Airport body, ACI Europe has described the introduction of the new air passenger tax in Norway as "ill-advised, damaging and counter-productive". In spite of similar taxes being repealed in Belgium, Denmark, Ireland and the Netherlands, it said the Norwegian government has embarked on a "very poor piece" of policy-making.

Nations that had previously adopted a similar tax, removed it after acknowledging that taxing air transport directly hurts economic performance, and ultimately the State’s ability to collect wider tax revenues. Air connectivity and GDP growth are closely interrelated. They actually reinforce each other, with every 10 percent increase in air connectivity yielding an additional 0.5 percent increase in GDP per capita, according to ACI Europe.

Earlier this year, ACI Europe participated in the public consultation launched by the Norwegian government on this issue, outlining its concerns, with hard data to back up its claims. A recent study found that Norwegian airports and associated aviation activity had a wider stimulating effect on the Norwegian economy, equivalent to over €8.3 billion of GDP each year, supporting 60,000 jobs. This is on top of the direct, indirect and induced economic impact which this aviation activity also supports (equal to €6.96 billion of GDP and 63,800 jobs annually). This means that in total, aviation supports four percent of Norway’s economy.
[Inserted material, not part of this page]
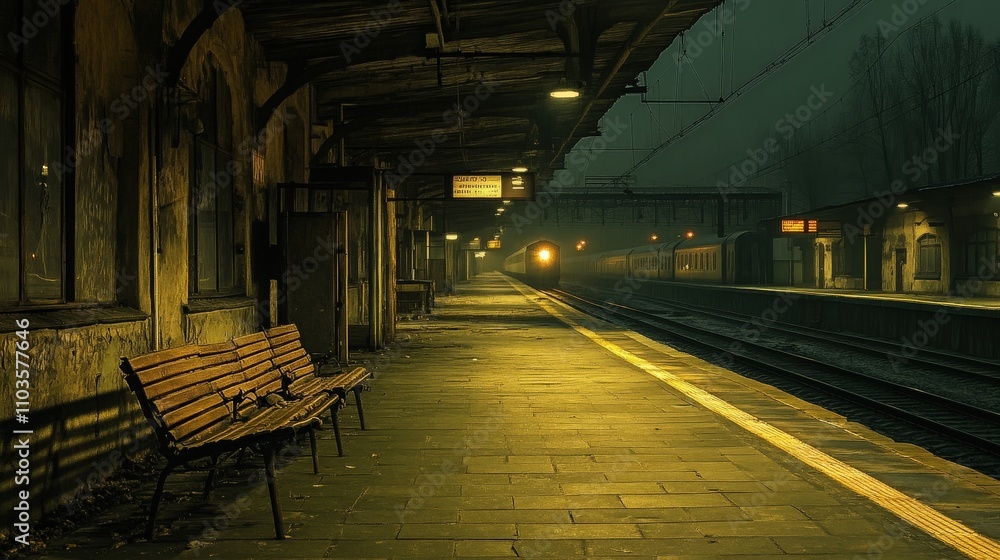 Poster an empty train station with abandoned platforms and an unoccupied bench,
“With the introduction of their new tax, the Norwegian government is jeopardising future growth and a key source of jobs. It is bewildering to see a country sitting on the periphery of Europe – and even more dependent on air connectivity than others – making such a move,” said Olivier Jankovec, director general,  ACI Europe.

“The impact will be especially harsh on smaller regional airports and their communities. This new tax is just bad policy-making. Air connectivity should not be considered as a given. It needs to be nurtured and supported – not taxed and contained,” he added.